TASK DETAILS: What you give must be the lines from the one containing "Аккумулятор для Apple" through the last line of the listing below, exactly, with nothing else and no pictures.

DATA FOR THIS EXERCISE:
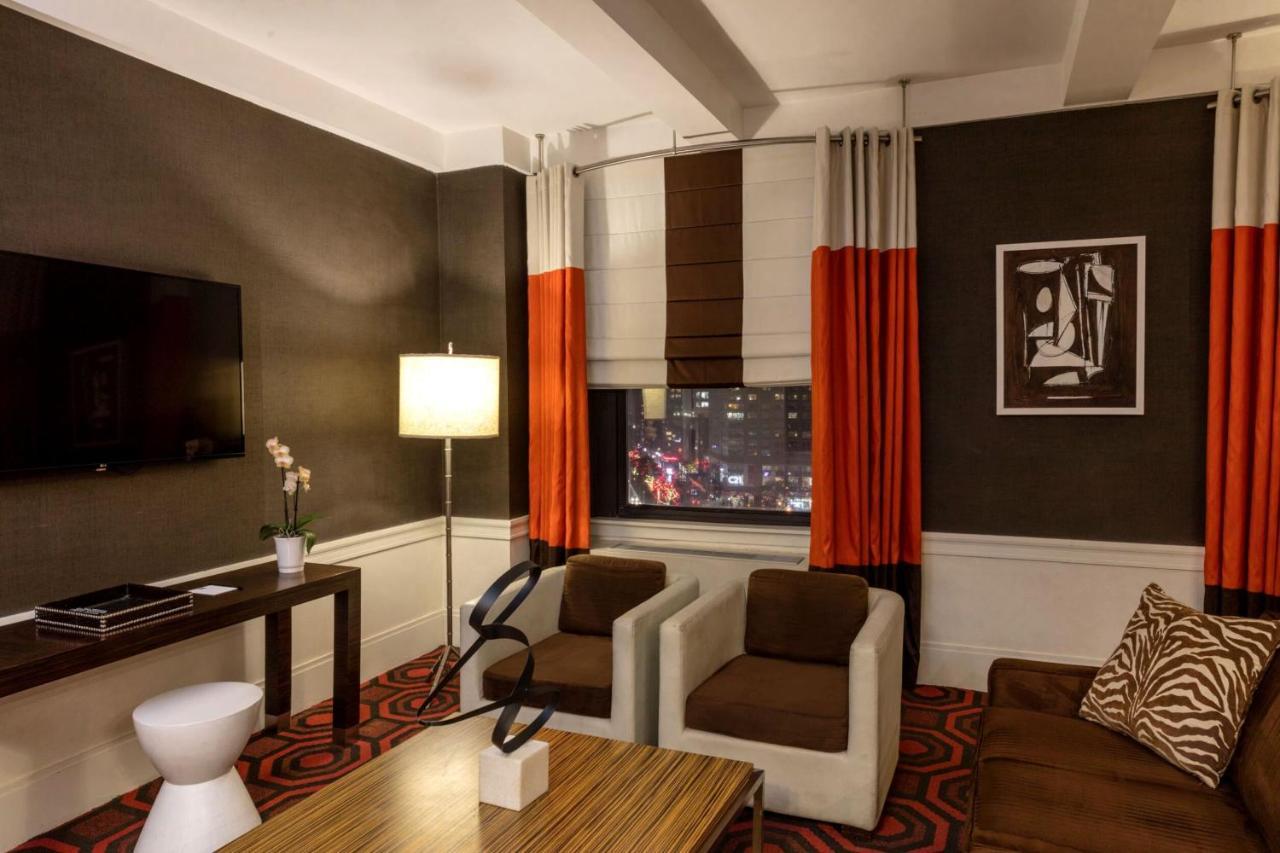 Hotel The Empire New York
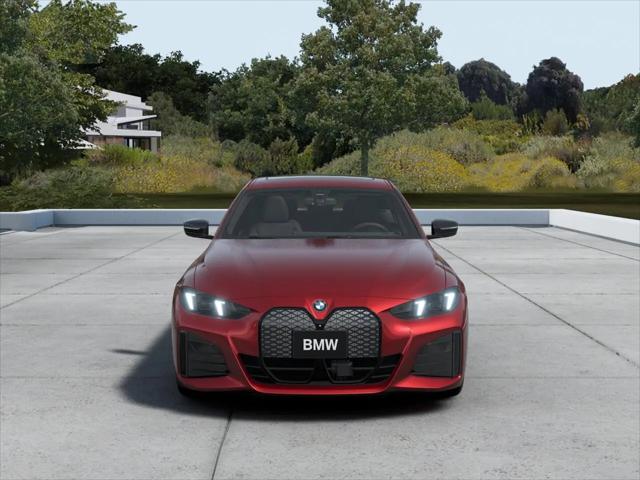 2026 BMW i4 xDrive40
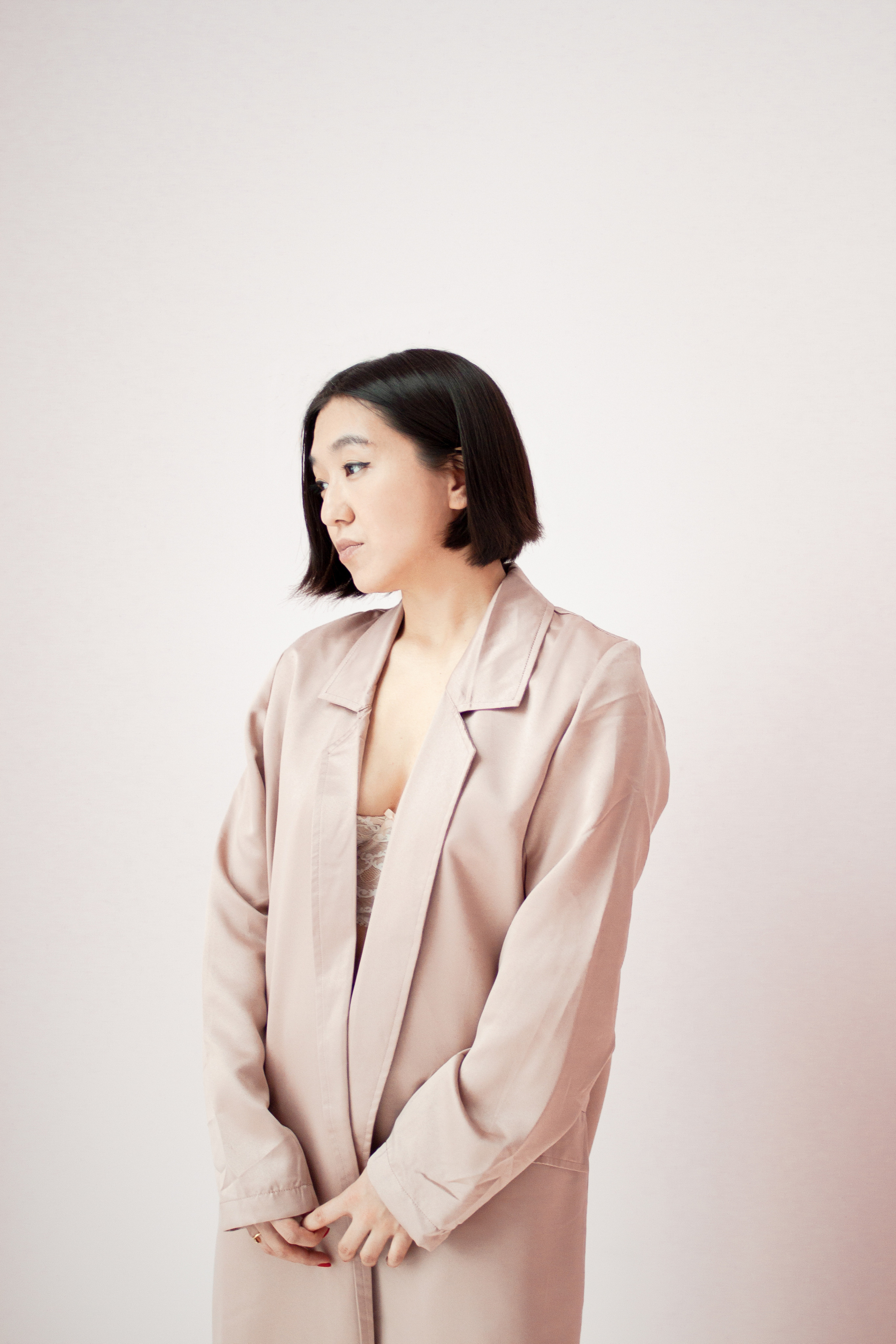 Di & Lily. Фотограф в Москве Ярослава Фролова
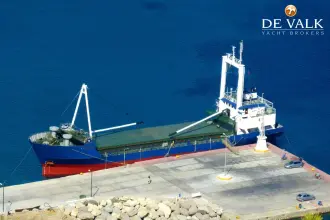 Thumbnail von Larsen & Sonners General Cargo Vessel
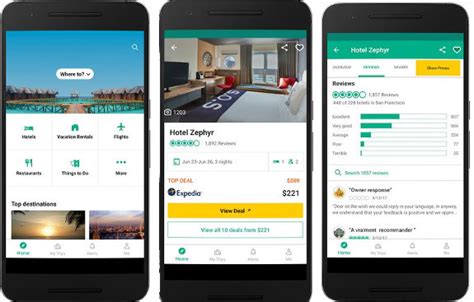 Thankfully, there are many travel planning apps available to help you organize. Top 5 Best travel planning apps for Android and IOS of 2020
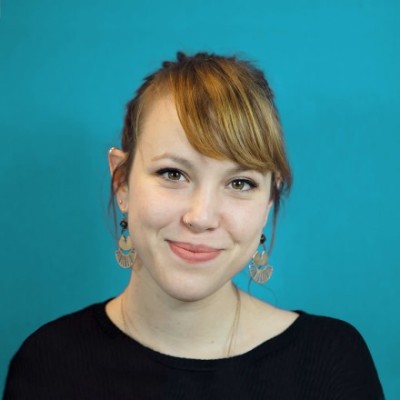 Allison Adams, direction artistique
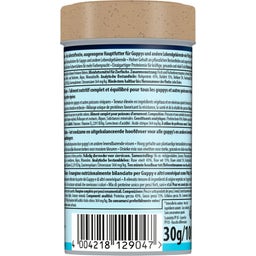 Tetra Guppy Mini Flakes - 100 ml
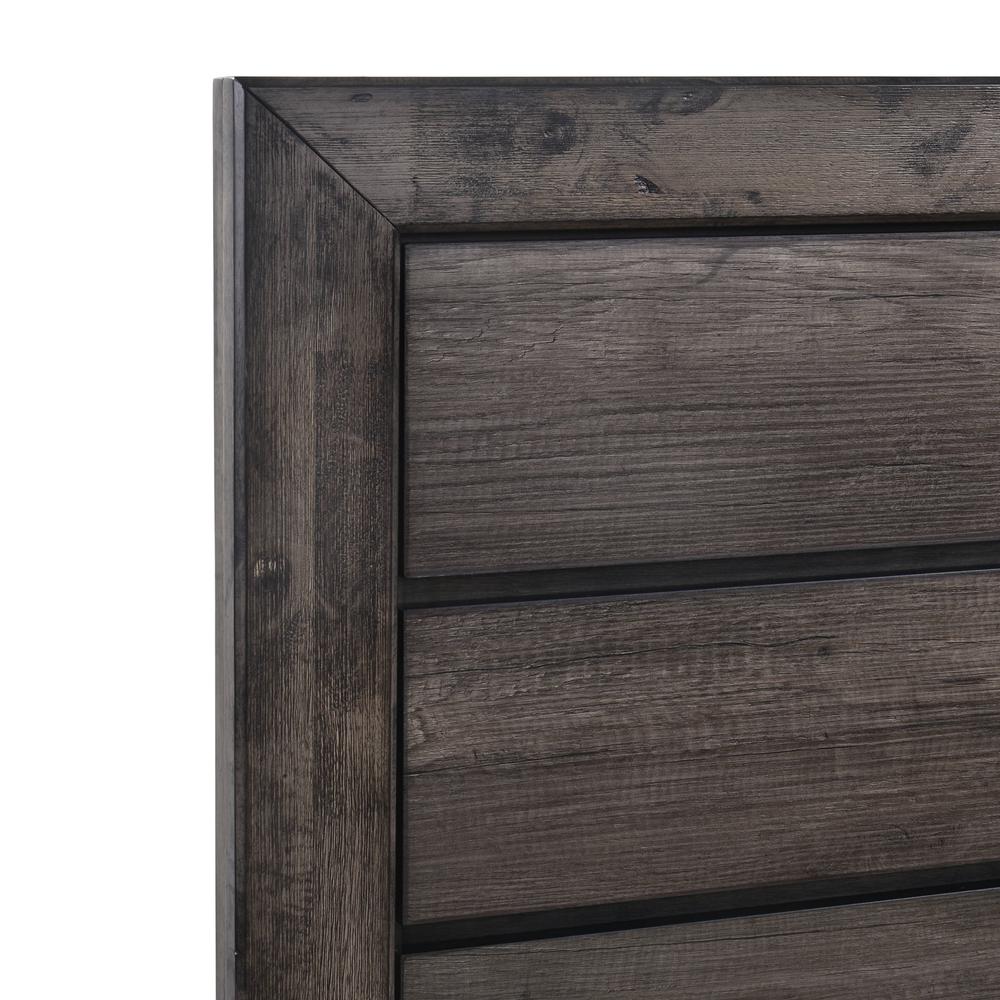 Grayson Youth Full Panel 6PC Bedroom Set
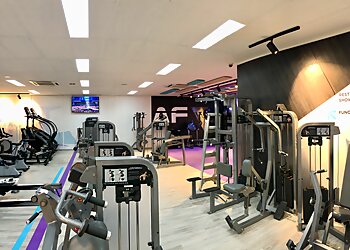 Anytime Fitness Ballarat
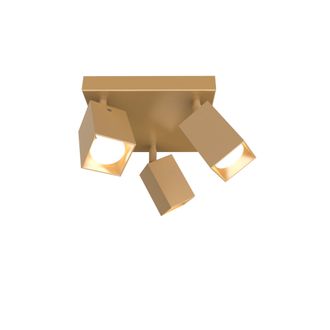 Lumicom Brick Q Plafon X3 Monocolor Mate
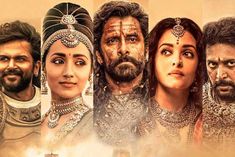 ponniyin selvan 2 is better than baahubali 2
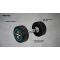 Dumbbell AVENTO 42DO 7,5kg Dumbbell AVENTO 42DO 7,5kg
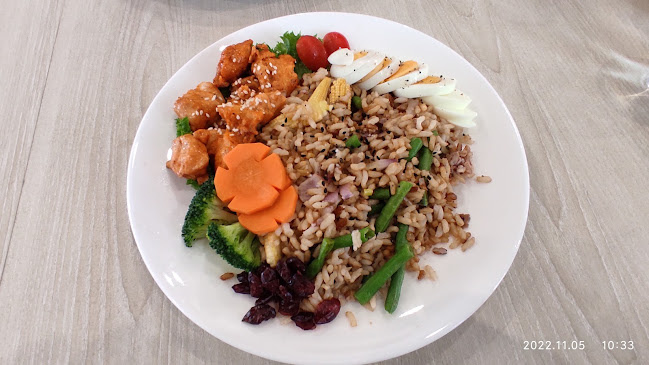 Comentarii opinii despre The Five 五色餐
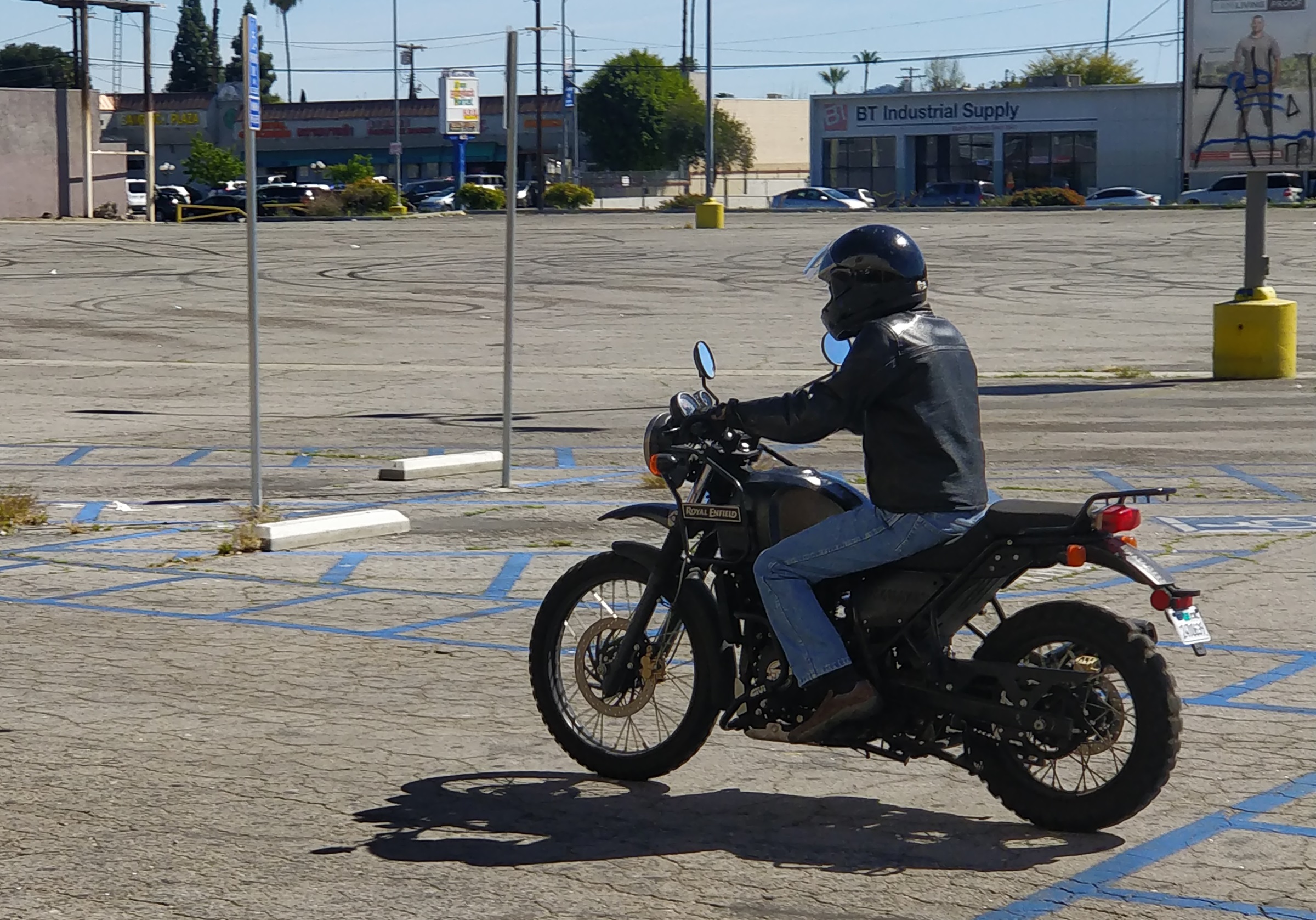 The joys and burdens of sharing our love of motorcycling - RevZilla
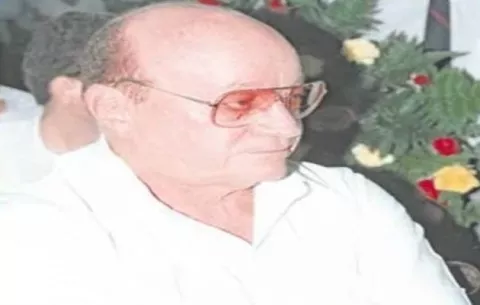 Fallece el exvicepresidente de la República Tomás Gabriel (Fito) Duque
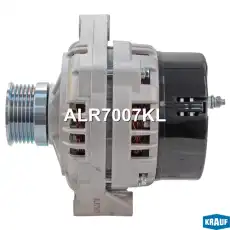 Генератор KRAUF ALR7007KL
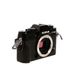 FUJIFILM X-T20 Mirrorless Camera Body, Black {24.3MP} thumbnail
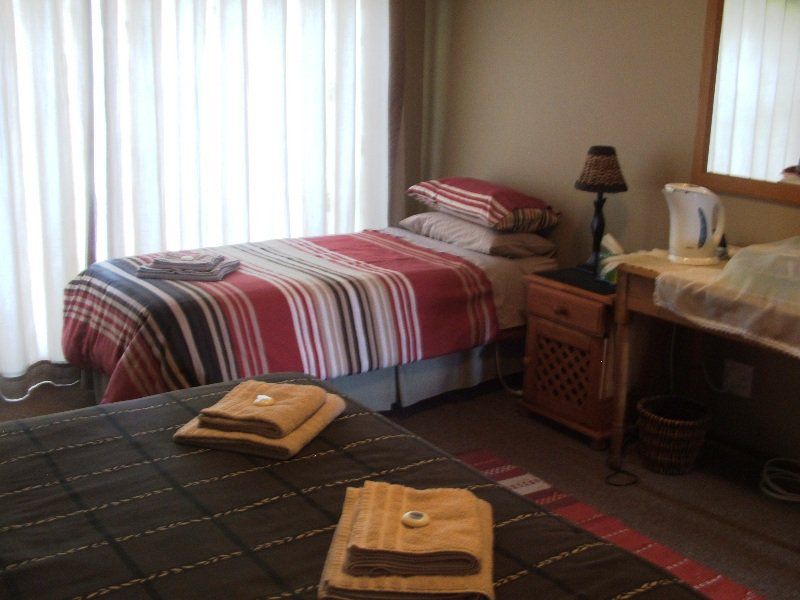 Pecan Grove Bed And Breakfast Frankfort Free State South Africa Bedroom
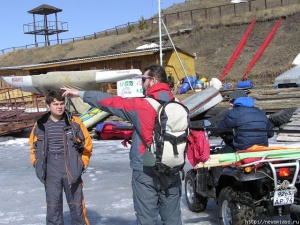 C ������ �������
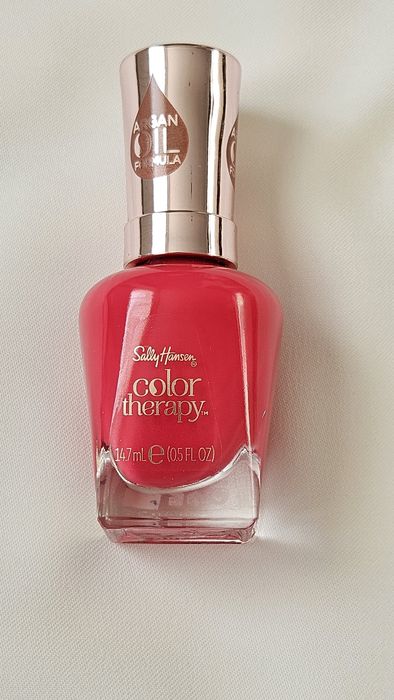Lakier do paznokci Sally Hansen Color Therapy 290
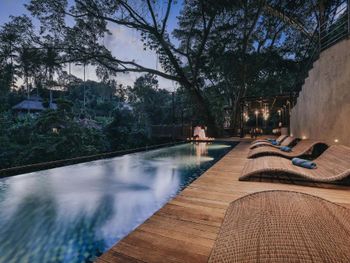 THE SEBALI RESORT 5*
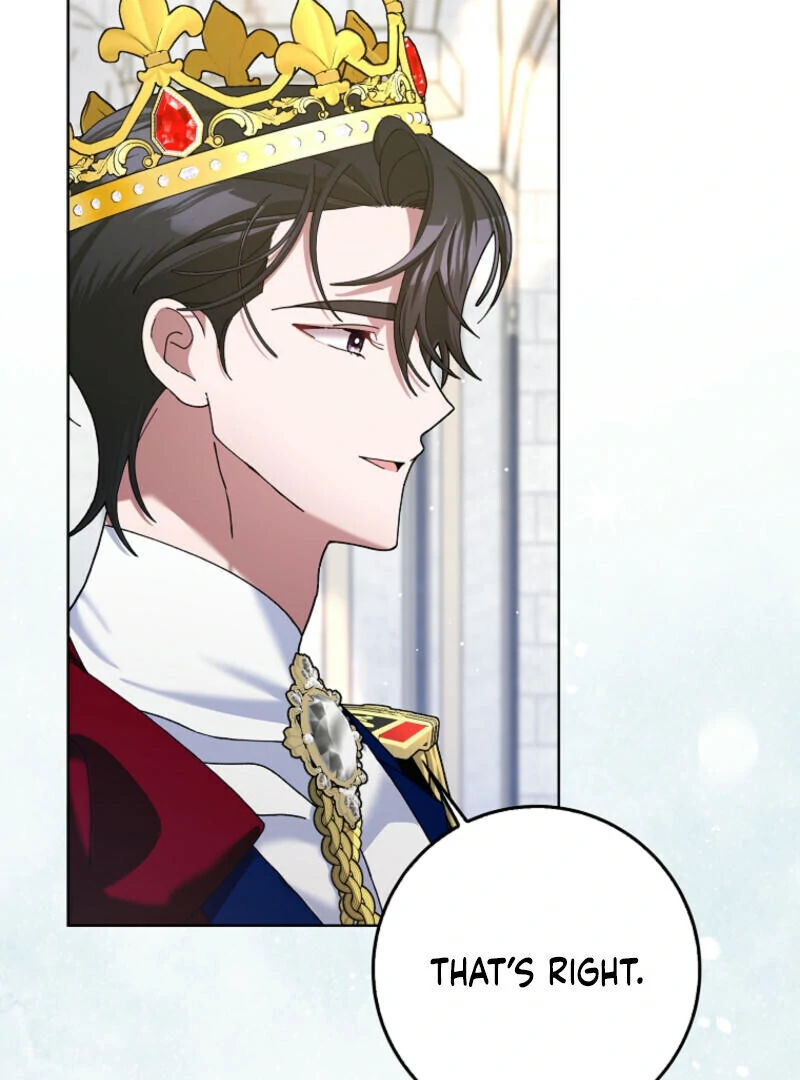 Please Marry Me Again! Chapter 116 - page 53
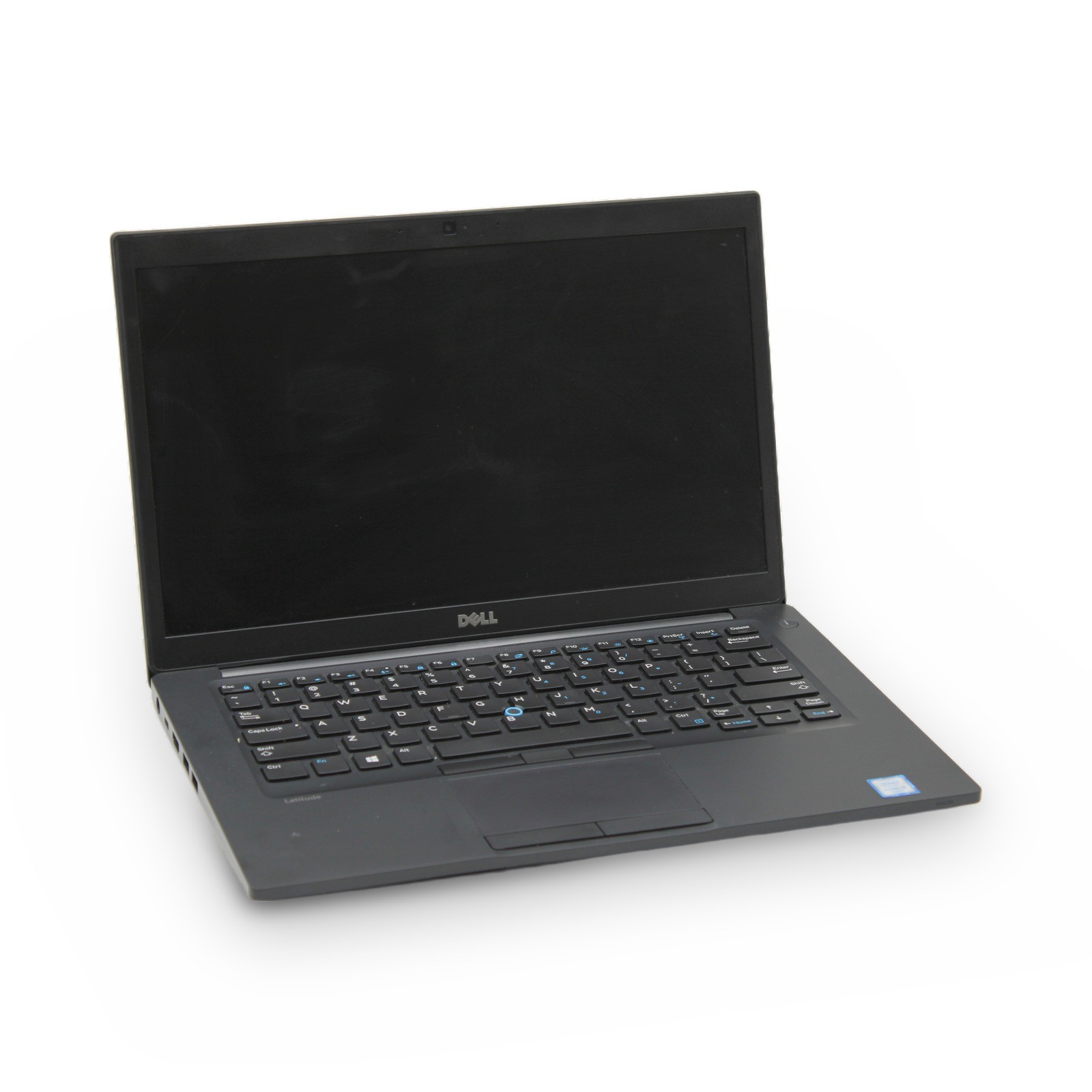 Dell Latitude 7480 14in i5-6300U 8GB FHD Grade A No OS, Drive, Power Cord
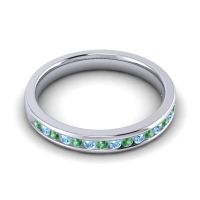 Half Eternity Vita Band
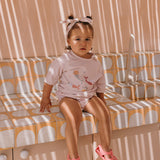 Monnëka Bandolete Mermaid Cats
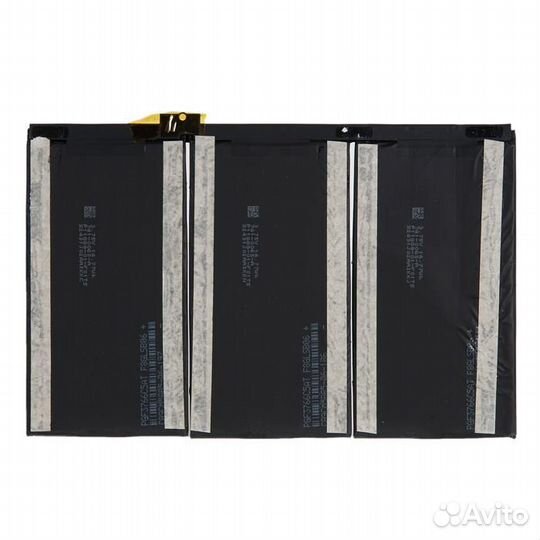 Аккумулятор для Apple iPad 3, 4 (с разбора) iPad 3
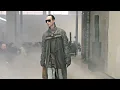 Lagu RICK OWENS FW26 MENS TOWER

OUTPUT BELOW:
 Аккумулятор для Apple iPad 3, 4 (с разбора) iPad 3
 Lagu RICK OWENS FW26 MENS TOWER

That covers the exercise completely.